MATERIAL PROVIDED
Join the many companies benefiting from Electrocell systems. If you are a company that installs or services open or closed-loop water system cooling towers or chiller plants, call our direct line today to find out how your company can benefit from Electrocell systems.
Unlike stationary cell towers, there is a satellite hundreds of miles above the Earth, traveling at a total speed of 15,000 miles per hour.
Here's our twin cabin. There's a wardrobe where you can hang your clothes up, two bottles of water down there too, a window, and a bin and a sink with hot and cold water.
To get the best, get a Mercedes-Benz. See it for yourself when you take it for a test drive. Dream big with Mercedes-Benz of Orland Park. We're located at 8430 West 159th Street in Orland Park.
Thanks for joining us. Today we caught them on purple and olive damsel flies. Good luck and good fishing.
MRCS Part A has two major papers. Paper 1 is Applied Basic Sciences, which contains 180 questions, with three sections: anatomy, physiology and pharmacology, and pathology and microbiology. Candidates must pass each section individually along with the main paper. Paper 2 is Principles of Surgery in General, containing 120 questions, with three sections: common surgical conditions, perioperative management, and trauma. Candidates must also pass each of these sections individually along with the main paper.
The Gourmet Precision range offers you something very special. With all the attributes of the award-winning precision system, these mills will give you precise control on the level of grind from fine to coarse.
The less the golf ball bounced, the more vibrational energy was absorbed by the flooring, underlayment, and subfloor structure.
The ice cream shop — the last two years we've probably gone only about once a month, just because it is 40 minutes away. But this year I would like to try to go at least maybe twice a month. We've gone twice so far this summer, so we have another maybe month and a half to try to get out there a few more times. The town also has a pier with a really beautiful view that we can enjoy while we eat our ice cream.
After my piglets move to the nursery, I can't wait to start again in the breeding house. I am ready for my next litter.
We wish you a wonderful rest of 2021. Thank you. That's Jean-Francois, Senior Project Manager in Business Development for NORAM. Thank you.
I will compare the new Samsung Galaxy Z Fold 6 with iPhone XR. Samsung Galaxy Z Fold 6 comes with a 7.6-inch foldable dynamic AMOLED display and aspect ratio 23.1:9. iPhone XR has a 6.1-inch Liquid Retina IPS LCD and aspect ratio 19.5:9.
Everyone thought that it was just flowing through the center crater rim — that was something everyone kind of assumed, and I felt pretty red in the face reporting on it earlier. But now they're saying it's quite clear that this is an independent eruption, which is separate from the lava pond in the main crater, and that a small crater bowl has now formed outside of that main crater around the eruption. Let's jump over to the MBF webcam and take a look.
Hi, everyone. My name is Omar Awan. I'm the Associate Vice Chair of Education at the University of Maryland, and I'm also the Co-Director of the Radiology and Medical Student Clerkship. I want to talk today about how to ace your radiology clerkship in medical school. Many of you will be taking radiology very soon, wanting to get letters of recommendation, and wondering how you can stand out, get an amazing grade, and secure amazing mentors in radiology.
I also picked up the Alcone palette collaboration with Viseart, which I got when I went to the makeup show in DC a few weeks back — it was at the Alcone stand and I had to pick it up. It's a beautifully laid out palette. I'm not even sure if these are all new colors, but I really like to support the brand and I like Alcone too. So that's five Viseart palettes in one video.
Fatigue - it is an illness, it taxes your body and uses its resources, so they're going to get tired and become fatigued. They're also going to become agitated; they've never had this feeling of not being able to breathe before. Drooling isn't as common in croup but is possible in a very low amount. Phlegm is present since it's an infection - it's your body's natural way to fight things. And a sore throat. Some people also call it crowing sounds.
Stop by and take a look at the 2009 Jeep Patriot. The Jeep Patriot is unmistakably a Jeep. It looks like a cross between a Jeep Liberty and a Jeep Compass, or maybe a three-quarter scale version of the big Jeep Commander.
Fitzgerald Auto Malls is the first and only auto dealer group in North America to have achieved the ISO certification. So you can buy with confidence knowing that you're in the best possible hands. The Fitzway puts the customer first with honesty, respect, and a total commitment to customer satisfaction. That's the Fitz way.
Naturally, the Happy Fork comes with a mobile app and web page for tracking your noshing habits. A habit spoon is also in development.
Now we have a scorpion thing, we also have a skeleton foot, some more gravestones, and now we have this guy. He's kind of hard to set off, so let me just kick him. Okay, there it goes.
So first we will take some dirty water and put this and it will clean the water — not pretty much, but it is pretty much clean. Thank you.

PROMPT
All the records, from the first line to the last: repeat them exactly.

RESPONSE BELOW
Join the many companies benefiting from Electrocell systems. If you are a company that installs or services open or closed-loop water system cooling towers or chiller plants, call our direct line today to find out how your company can benefit from Electrocell systems.
Unlike stationary cell towers, there is a satellite hundreds of miles above the Earth, traveling at a total speed of 15,000 miles per hour.
Here's our twin cabin. There's a wardrobe where you can hang your clothes up, two bottles of water down there too, a window, and a bin and a sink with hot and cold water.
To get the best, get a Mercedes-Benz. See it for yourself when you take it for a test drive. Dream big with Mercedes-Benz of Orland Park. We're located at 8430 West 159th Street in Orland Park.
Thanks for joining us. Today we caught them on purple and olive damsel flies. Good luck and good fishing.
MRCS Part A has two major papers. Paper 1 is Applied Basic Sciences, which contains 180 questions, with three sections: anatomy, physiology and pharmacology, and pathology and microbiology. Candidates must pass each section individually along with the main paper. Paper 2 is Principles of Surgery in General, containing 120 questions, with three sections: common surgical conditions, perioperative management, and trauma. Candidates must also pass each of these sections individually along with the main paper.
The Gourmet Precision range offers you something very special. With all the attributes of the award-winning precision system, these mills will give you precise control on the level of grind from fine to coarse.
The less the golf ball bounced, the more vibrational energy was absorbed by the flooring, underlayment, and subfloor structure.
The ice cream shop — the last two years we've probably gone only about once a month, just because it is 40 minutes away. But this year I would like to try to go at least maybe twice a month. We've gone twice so far this summer, so we have another maybe month and a half to try to get out there a few more times. The town also has a pier with a really beautiful view that we can enjoy while we eat our ice cream.
After my piglets move to the nursery, I can't wait to start again in the breeding house. I am ready for my next litter.
We wish you a wonderful rest of 2021. Thank you. That's Jean-Francois, Senior Project Manager in Business Development for NORAM. Thank you.
I will compare the new Samsung Galaxy Z Fold 6 with iPhone XR. Samsung Galaxy Z Fold 6 comes with a 7.6-inch foldable dynamic AMOLED display and aspect ratio 23.1:9. iPhone XR has a 6.1-inch Liquid Retina IPS LCD and aspect ratio 19.5:9.
Everyone thought that it was just flowing through the center crater rim — that was something everyone kind of assumed, and I felt pretty red in the face reporting on it earlier. But now they're saying it's quite clear that this is an independent eruption, which is separate from the lava pond in the main crater, and that a small crater bowl has now formed outside of that main crater around the eruption. Let's jump over to the MBF webcam and take a look.
Hi, everyone. My name is Omar Awan. I'm the Associate Vice Chair of Education at the University of Maryland, and I'm also the Co-Director of the Radiology and Medical Student Clerkship. I want to talk today about how to ace your radiology clerkship in medical school. Many of you will be taking radiology very soon, wanting to get letters of recommendation, and wondering how you can stand out, get an amazing grade, and secure amazing mentors in radiology.
I also picked up the Alcone palette collaboration with Viseart, which I got when I went to the makeup show in DC a few weeks back — it was at the Alcone stand and I had to pick it up. It's a beautifully laid out palette. I'm not even sure if these are all new colors, but I really like to support the brand and I like Alcone too. So that's five Viseart palettes in one video.
Fatigue - it is an illness, it taxes your body and uses its resources, so they're going to get tired and become fatigued. They're also going to become agitated; they've never had this feeling of not being able to breathe before. Drooling isn't as common in croup but is possible in a very low amount. Phlegm is present since it's an infection - it's your body's natural way to fight things. And a sore throat. Some people also call it crowing sounds.
Stop by and take a look at the 2009 Jeep Patriot. The Jeep Patriot is unmistakably a Jeep. It looks like a cross between a Jeep Liberty and a Jeep Compass, or maybe a three-quarter scale version of the big Jeep Commander.
Fitzgerald Auto Malls is the first and only auto dealer group in North America to have achieved the ISO certification. So you can buy with confidence knowing that you're in the best possible hands. The Fitzway puts the customer first with honesty, respect, and a total commitment to customer satisfaction. That's the Fitz way.
Naturally, the Happy Fork comes with a mobile app and web page for tracking your noshing habits. A habit spoon is also in development.
Now we have a scorpion thing, we also have a skeleton foot, some more gravestones, and now we have this guy. He's kind of hard to set off, so let me just kick him. Okay, there it goes.
So first we will take some dirty water and put this and it will clean the water — not pretty much, but it is pretty much clean. Thank you.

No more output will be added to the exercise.